I think the invisible hand of the market was inside these guys’ pants, jerking them off.
Capitalism doesn’t work right any more.  But that is for another rant. 
I will not blame this on banks for giving bad loans to the little guy.  If they want to take risks with their money, so be it.  I will not defend the masses for trying to live an inflated lifestyle.  This country is decadent in its desire to live above its means, and Madison Avenue tries its best to keep it that way.  The banks and credit card companies have long since made their money on late fees.  The practices feed on each other.  Everyone in the country knew that we were extended, both as individuals and corporations. 
The problem happened when they started trading these risky loans as though they were not risky. 
And the deregulation let it happen.  There used to be enforced standards on banks to help keep our money safe.  They used to regulate the accounting methods by which a bank had to show risky loans.  There is only a percentage of risky loans a bank could hold and still qualify for FDIC.  These regulation were some of the first things the Republicans stripped away under Reagan.  And now we have to pay for it again.
Yeah, this happened before, back in the early nineties.  And guess who was feeding at the trough then, too?
The deregulation of the banking industry under Reagan led to the Savings and Loan Crisis.  The crisis led to the Keating Five (which included John McCain) investigation.  It investigated the allegation that these senators received bribes to help the S&Ls resist regulations, and it uncovered a systemic lack of oversight as well as large scale corruption and, at the very least, poor judgement.
Oh, yeah, so don’t be fooled this time that it is all a suprise.  It isn’t. 
And, even more ironic, is the language Bush is using.

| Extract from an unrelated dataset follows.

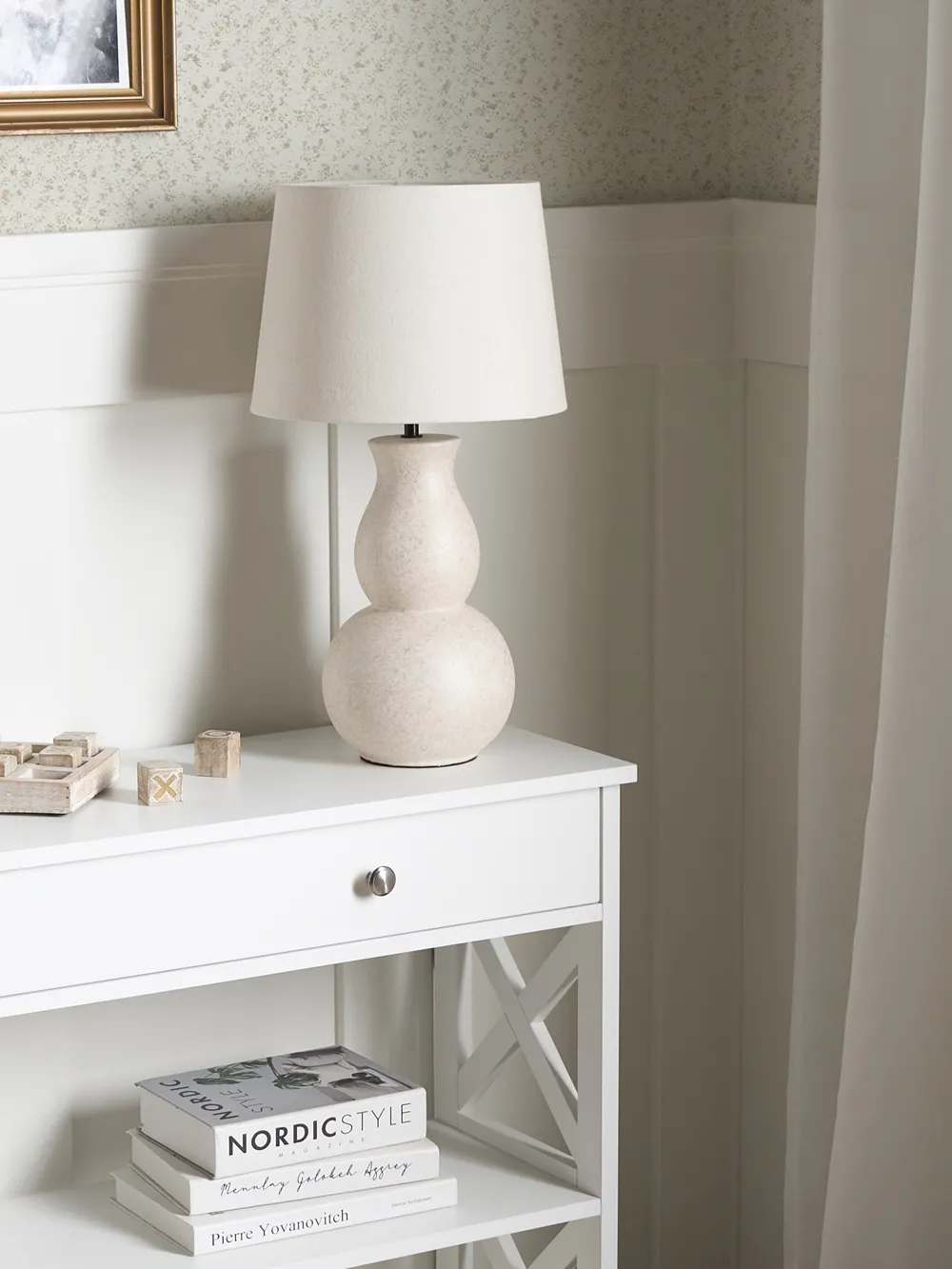Table Lamp CHARGES Ceramic Light Beige_1032907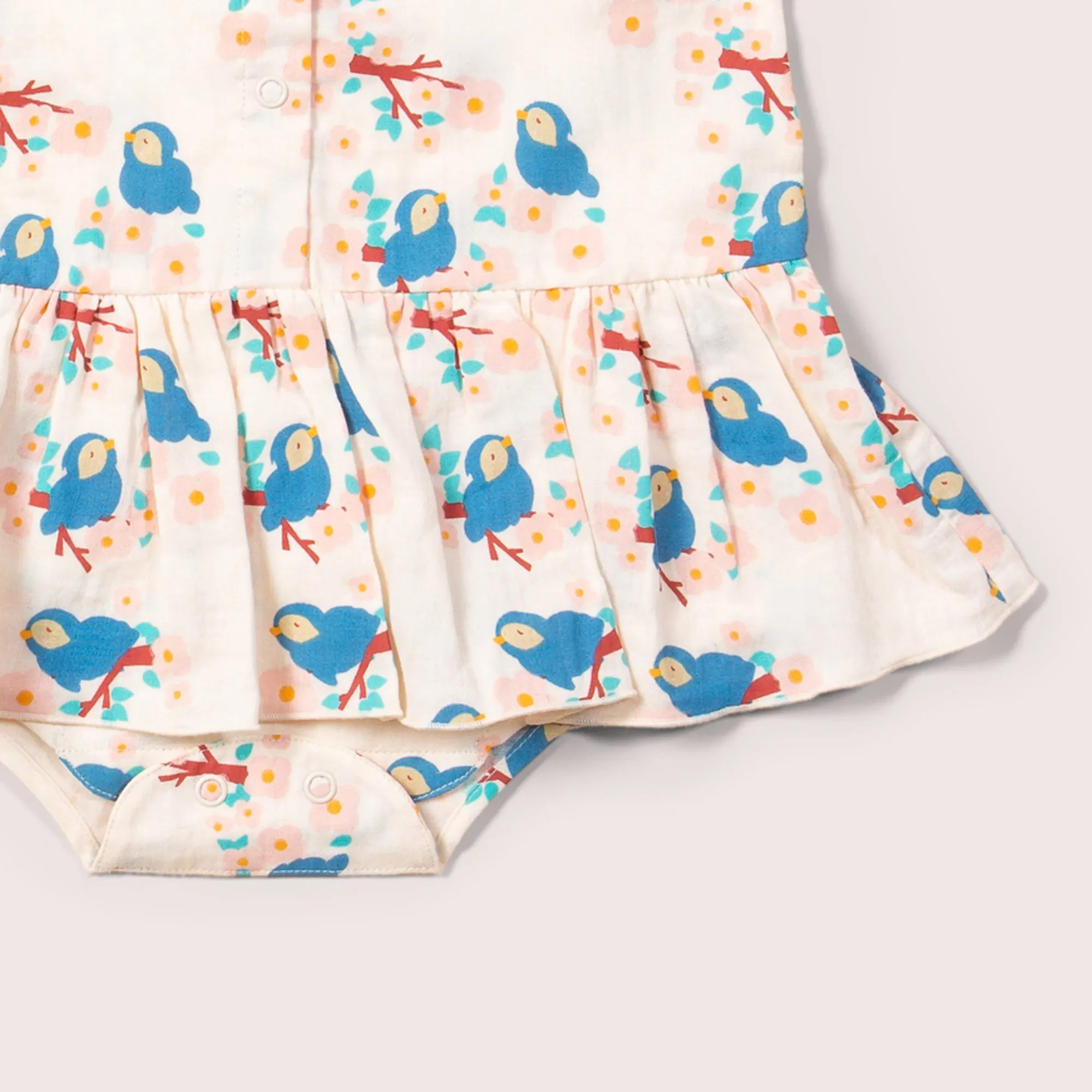 Bluebirds Button Ruffle Romper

He is requesting the treasury department and the administration be granted immense powers with no congressional oversight.  He is also assuring the American people we will get our money back.
From the New York Times:
So, according to Bush, the situation is dire though unavoidable, the action is necessary, it is drastic, it is unprecedented, the risk is small compared to doing nothing, and we will get our money back.  Sound familiar?